Gordon Parks is a hero to many people, not just because of his amazing artistry with photography, film, music and writing, but also for the example he set by tapping into his genius and owning his place in the world. He fought racism throughout his long life and advocated freedom through the breaking down of barriers and creating new horizons. He was the first African American to work at Life Magazine, and the first to write, direct and score a Hollywood film. No wonder he was the focus of celebrations for Black History Month this week, coinciding with what would have been his 100th birthday.
Sean and I have Park’s portrait of Malcolm X, and were very happy to be invited to the Black History event at Macy’s. It seemed an unusual venue for what we thought would be an exhibition – but then the last collection of his work we saw exhibited was at Hermes, so why not? As it turned out, viewing photography was not the purpose of the evening.
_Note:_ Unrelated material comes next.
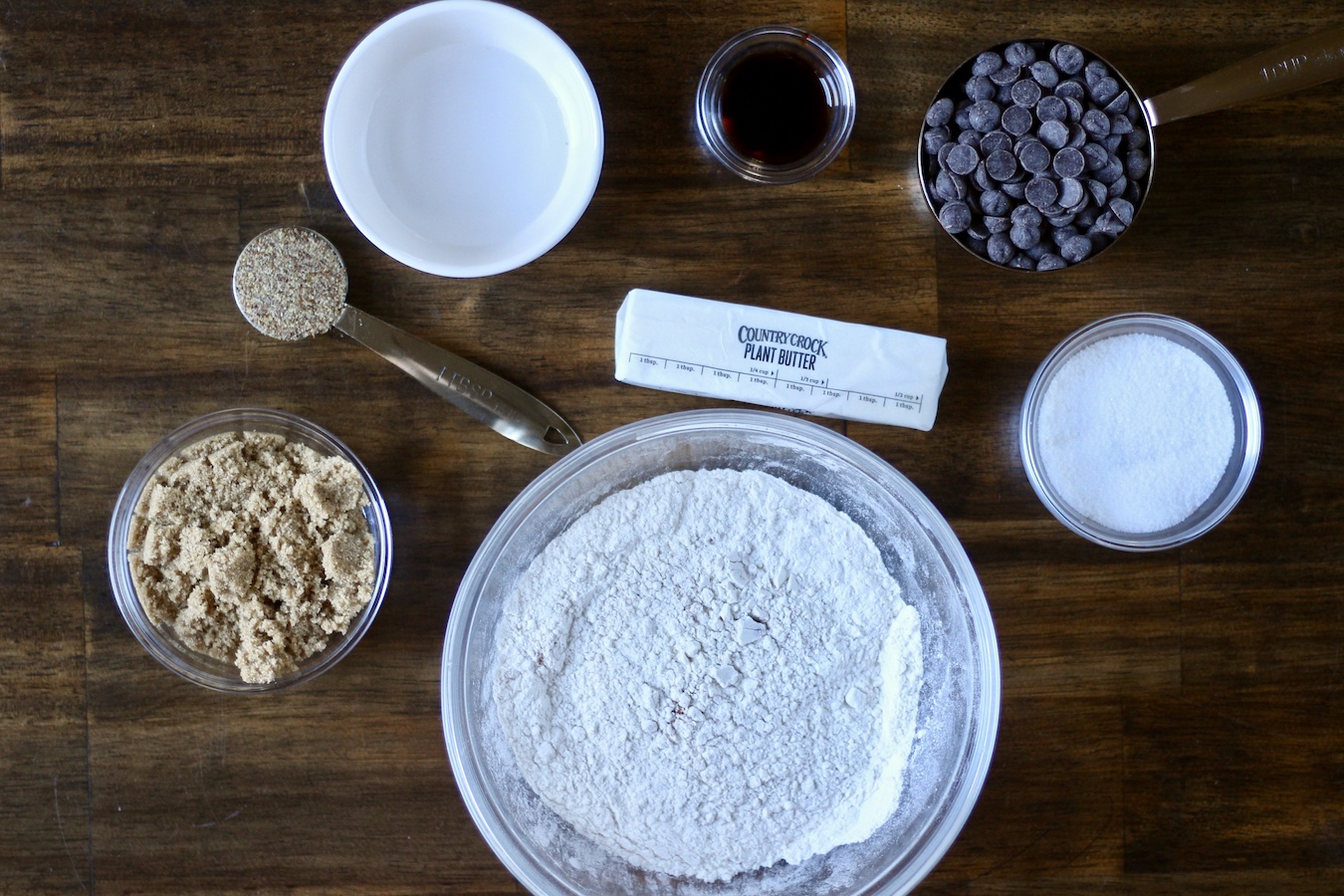 Ingredients to make egg free chocolate chip cookies on a wooden table.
On the 9th floor of the super store a large area was dedicated to hosting an evening with a Hollywood panel – Kenny Leon ( director of ‘Raisin in the Sun’ & ‘Steel Magnolias’ on Broadway ), Omari Hardwick, Malik Yoba ( New York Undercover ) and Malinda Williams ( Soul Food ). As we do not have television, much of the resume of the panel was lost on us. But the sentiments were not. At times, in an audience largely composed of African Americans, I felt we were part of a revival group. Honest and emotional comments by the panel were met with waves of affirmation by the audience. The atmosphere was fantastic. Murray talked about chasing the purpose not the paper, about how you can’t be an artist without being an activist, and Malik said you can’t change the game unless you’re in it. They talked about the need to be consistent ( Melinda said 80% of her career was auditions ) and to be relentless. Many young people in the audience were actors and their questions were about rejection. It could have been heavy and ministerial, but mostly it was funny. At one point Malik sprang through the audience ( channeling Oprah ) to hand someone Kenny’s business card – then when another aspiring actor moaned, Malik put him on the spot. ‘You have everyone’s attention and 21 seconds to audition. Go for it!’ Amazingly, he did.
When the panel wrapped, the music started and that was another surprise. Chelsea Green and her jazz violin lead a soul group that had everyone tapping. There were drinks and canapes, and the party was just getting started. Sean and I headed home. We took the express lift to the ground, feeling inspired by an unexpected evening in a department store, and some lingering words of wisdom… ‘You didn’t have to compete with anyone to be born. When your time comes, be ready’!